Abstract
Estimation of extreme floods, based on statistical analyses of observed values of flood series, is associated with several problems leading to high uncertainty in the flood estimates. In particular is this related to the length of the observation series and the extrapolation outside the range of observed values, when estimating the rare extreme floods. In many cases, short hydrological records are the common rule rather than the exceptions.
This thesis targets at-site, single station, frequency analysis for estimation of the R-year floods magnitude based on the annual maximum approach with observed and simulated series. An R-year flood is a flood with a return period of R years; it has the probability every year of 1/R to be exceeded. Extreme floods occur seldom, i.e. they have a long return period or recurrence interval.
In this study long synthetic series of precipitation (P) and temperature (T) are generated and used as input to a hydrological model to simulate long runoff series. The objective is to investigate how the results of the frequency analysis of the observed series compare with the results of the simulated series.

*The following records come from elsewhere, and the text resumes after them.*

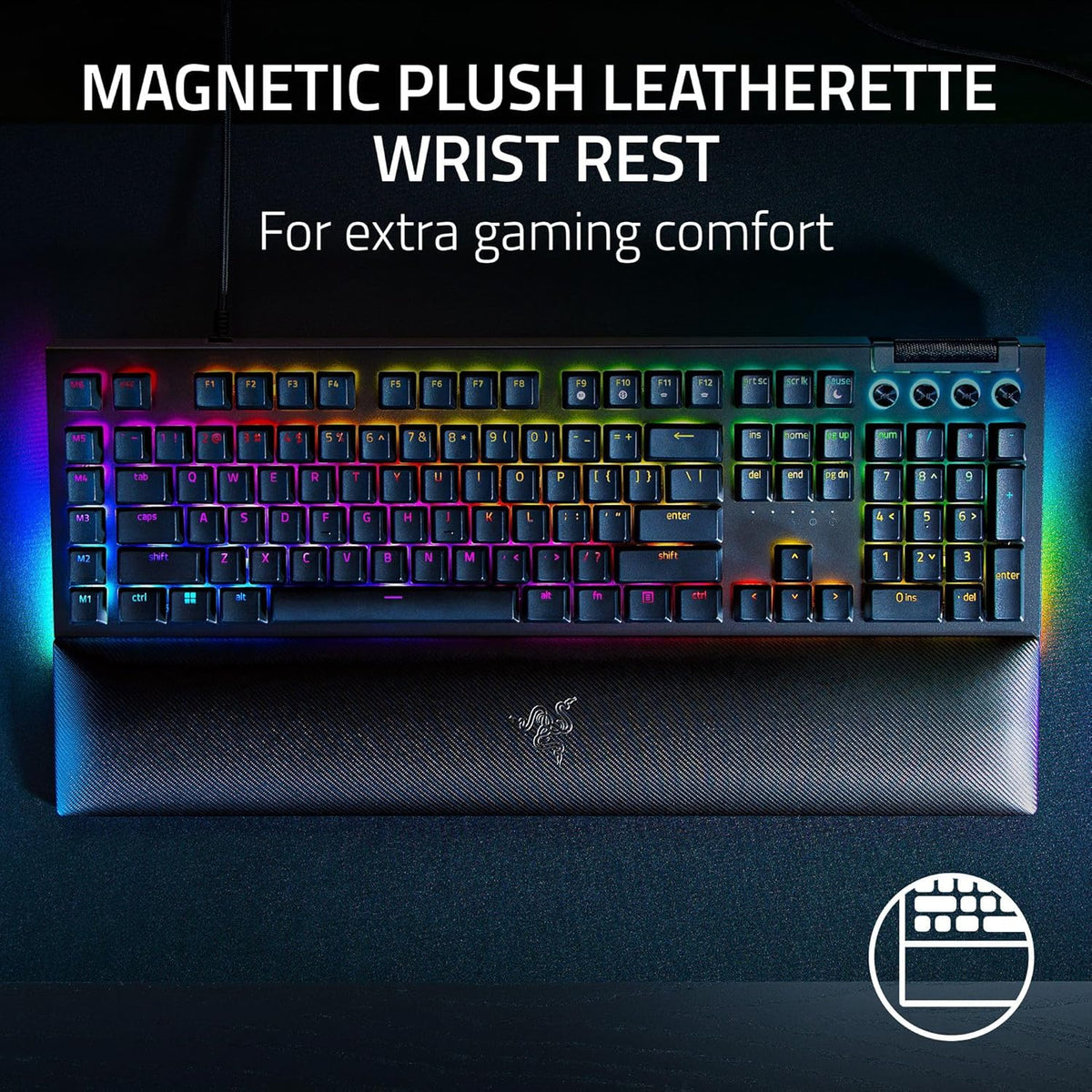 RAZER BLACKWIDOW V4 - MECHANICAL GAMING KEYBOARD (GREEN SWITCH) RZ03-04690100-R3M1 – TechCure India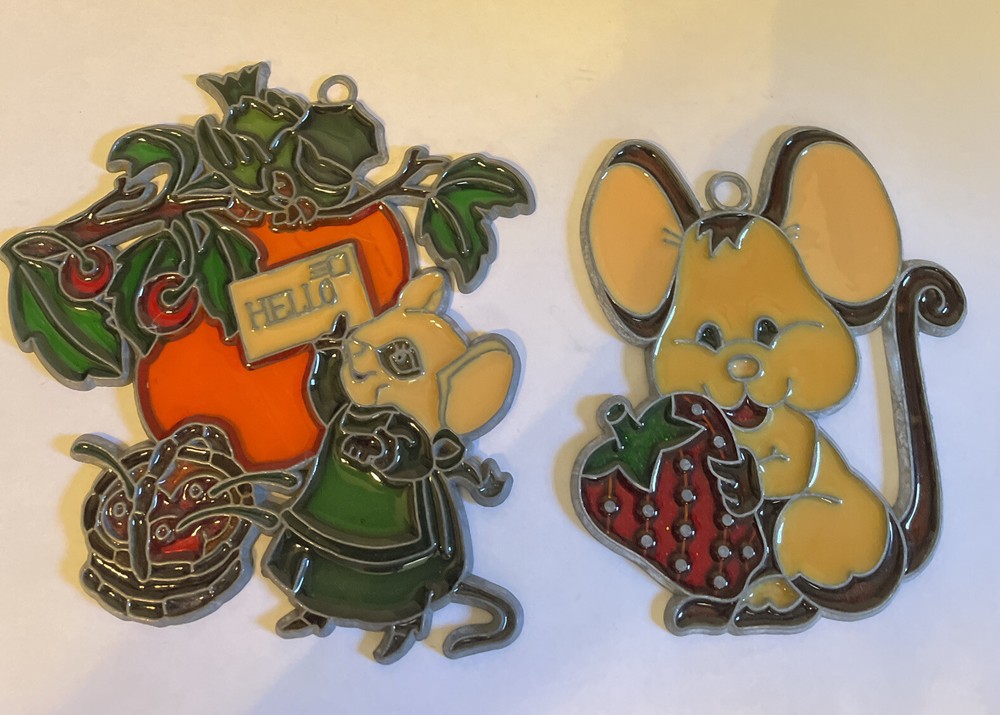 2 Vintage Mouse Sun-catchers One With Strawberry and One Cooking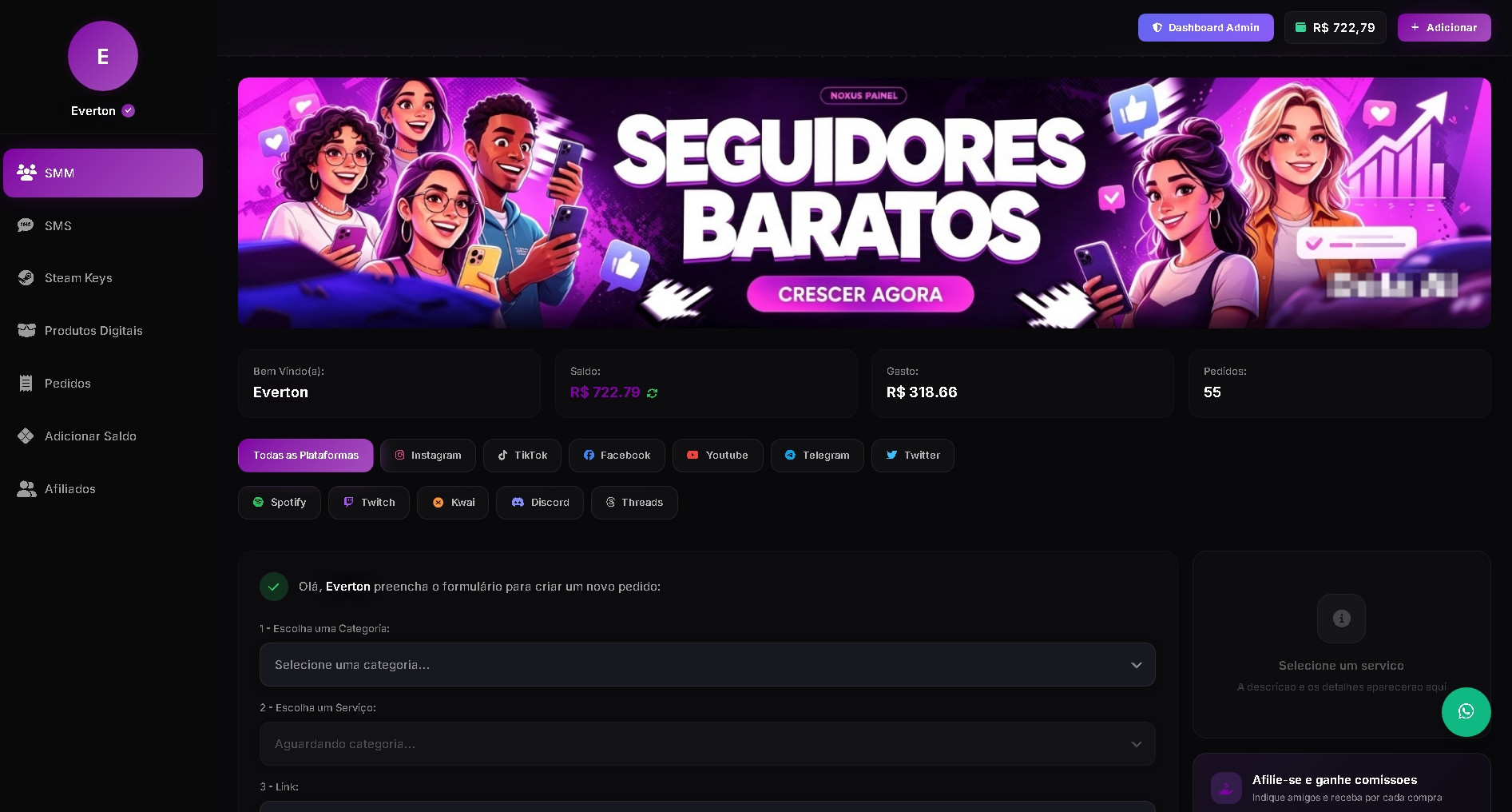 Painel do cliente e admin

The modelling framework consists of the Bartlett-Lewis Rectangular Pulse model for rainfall and autoregressive temperature model, the Rindal-Onof generator, and the HBV model. The Bulken catchment in Norway is used as test case. Thousand years in length of daily values of precipitation and temperature are produced and used as input to the HBV model. Two different parameterisations of the HBV model is applied; HBV1 and HBV2. The models satisfactorily reproduces the daily mean discharge for the Bulken catchment for the observation period 1959-1990, but shows a tendency to underestimate the annual maximum peak flows for the observation period for both models. It was found that good values for the commonly applied Nash-Sutcliff criterion not necessarily guarantee adequate simulation annual maximum series. This is in accordance with the experiences of other similar studies.
The HBV2 version, which had the best calibration results for the annual mean flood, provides the best results for the annual maximum flood series for Bulken.
The two synthetic runoff series (HBVPT1 and HBVPT2) resulting from the two HBV model parameterisations with synthetic P and T as input, both overestimate the runoff. HBVPT2 gives substantially higher annual maximum flood peaks than HBVPT1.HBVPT1, simulated with the HBV1 model that showed the poorest results for AM values for the observed series, provides the best resemblance with historical data of the two synthetic flood series. HBVPT2, simulated with HBV2, is by the statistical Mann-Withney test found not to belong to the same population as the observed flood series for Bulken. These findings might indicate that the synthetic series of precipitation or temperature not haven been adequately simulated by the stochastic generators in this particular study case.
Estimates of the R-year floods are obtained by using the GEV distribution and l-moments. The results reflect the findings described above. The 10-year flood estimate based on HBVPT2 is 11 % higher than the estimate based on the observed record for Bulken, and for HBVPT1 +1.3%. HBVP2 gives the highest estimates with for the 1000-year flood +22% whereas HBVPT1 + 7 % compared to the estimates based on the observed flood record for Bulken.
This study represent one test case, so further work is recommended to investigate in more detail the reasons for the underestimation of the annual maximum floods by the HBV model and to identify possible improvements that need to be done concerning the precipitation and temperature simulation.